L1: Schleswig-Holstein: „Zukunft ländlicher Raum“ (2008)

Aus Beschlussdatenbank
Version vom 22. Juli 2013, 16:33 Uhr von Julia (Diskussion | Beiträge)

(Unterschied) ← Nächstältere Version | Aktuelle Version (Unterschied) | Nächstjüngere Version → (Unterschied)
Wechseln zu: Navigation, Suche
Gremium: Landesparteitag
Sitzung: Landesparteitag Lübeck 2008
Bezeichnung: Leitantrag L1
Antragsteller: Umweltforum


Beschluss: Überwiesen an Landesvorstand, Landtagsfraktion

Leitsätze der SPD Schleswig-Holstein zur Stärkung des ländlichen Raums


Am 20. Mai 2008 stellte EU-Agrarkommissarin Mariann Fischer Boel ihr umfassendes Reformwerk „Health Check“ zur Verteilung der finanziellen Mittel im EU-Landwirtschaftssektor vor. Zentrale Aussage dieser Reform ist, dass Gelder aus der ersten Säule, dem Förderbereich der Direktzahlungen für die Lebensmittelherstellung, in die zweite Säule zur Entwicklung des ländlichen Raums umgeschichtet werden sollen.

Der Health Check bietet der SPD die Möglichkeit, sich aktiv an dem Prozess der umfassenden Umstrukturierung zu beteiligen. Mit den Leitsätzen will die SPD die Chance nutzen, die ländlichen Räume als attraktive und zukunftsfähige Lebens,- Wirtschafts-, Natur- und Erholungsräume für die Menschen Schleswig-Holsteins zu erhalten und weiter zu entwickeln.

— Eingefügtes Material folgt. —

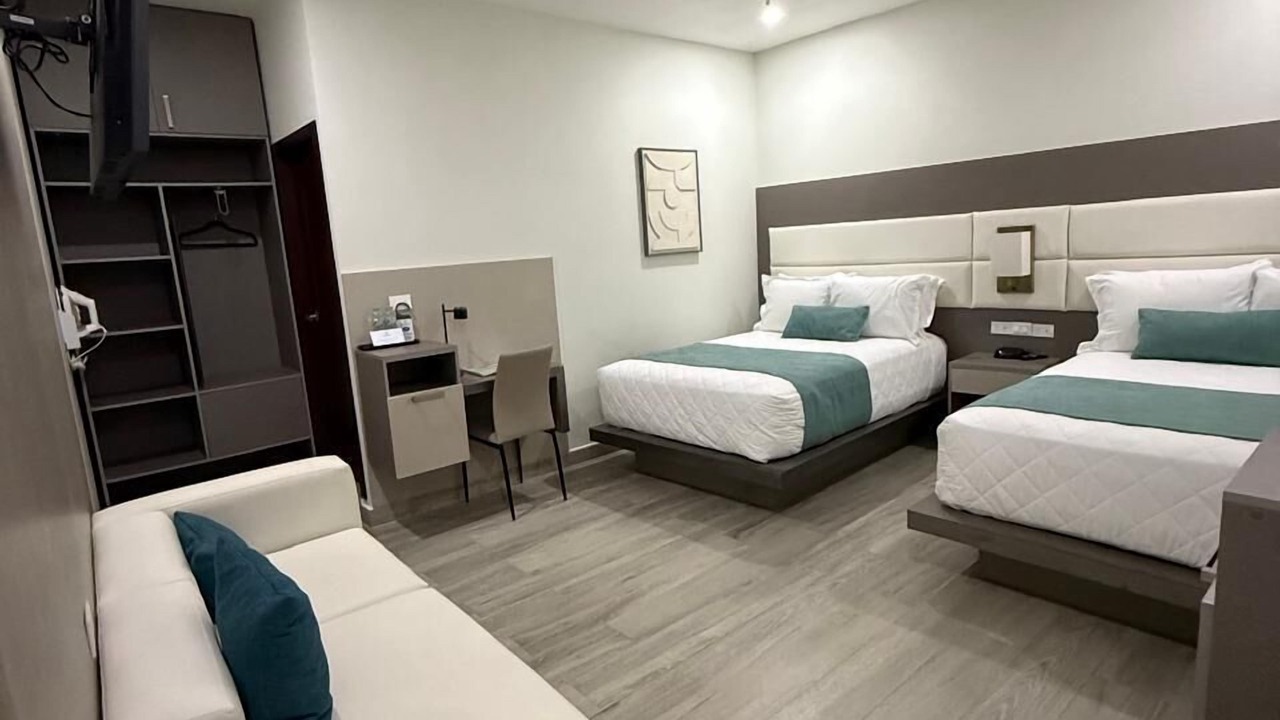 Photo of Bedroom in Flores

Schleswig-Holstein ist ein Flächenland, bei dem der ländliche Raum eine besondere Bedeutung zukommt. So gehören fast 80 % der Landesfläche zu den ländlichen Räumen und für 49 % der Bevölkerung sind sie Wohnort und Lebensraum. Die Entwicklung des ländlichen Raums steht vor großen Herausforderungen: Der demografische Wandel, die Anpassung an globalisierte Wirtschaftsstrukturen, die nötige Konsolidierung der öffentlichen Haushalte und der Klimawandel. Es ist notwendig, dass alle gesellschaftlichen Gruppen gemeinsam an den Lösungen arbeiten. Vorraussetzung dafür sind ein breiter gesellschaftlicher Dialog und die Bereitschaft aller, sich daran aktiv zu beteiligen, offen gegenüber anderen Meinungen zu sein und Kooperationen einzugehen. Aufgrund ihrer landschaftlichen Besonderheiten, ihrer wirtschaftlichen Ausgangssituationen und den Entfernungen zu den großen Zentren weisen die ländlichen Räume zum Teil sehr deutliche Unterschiede auf. Daher müssen bei der Umsetzung des Programms vor Ort individuelle Lösungen gesucht werden, die jedoch auf dem Gesamtkonzept basieren.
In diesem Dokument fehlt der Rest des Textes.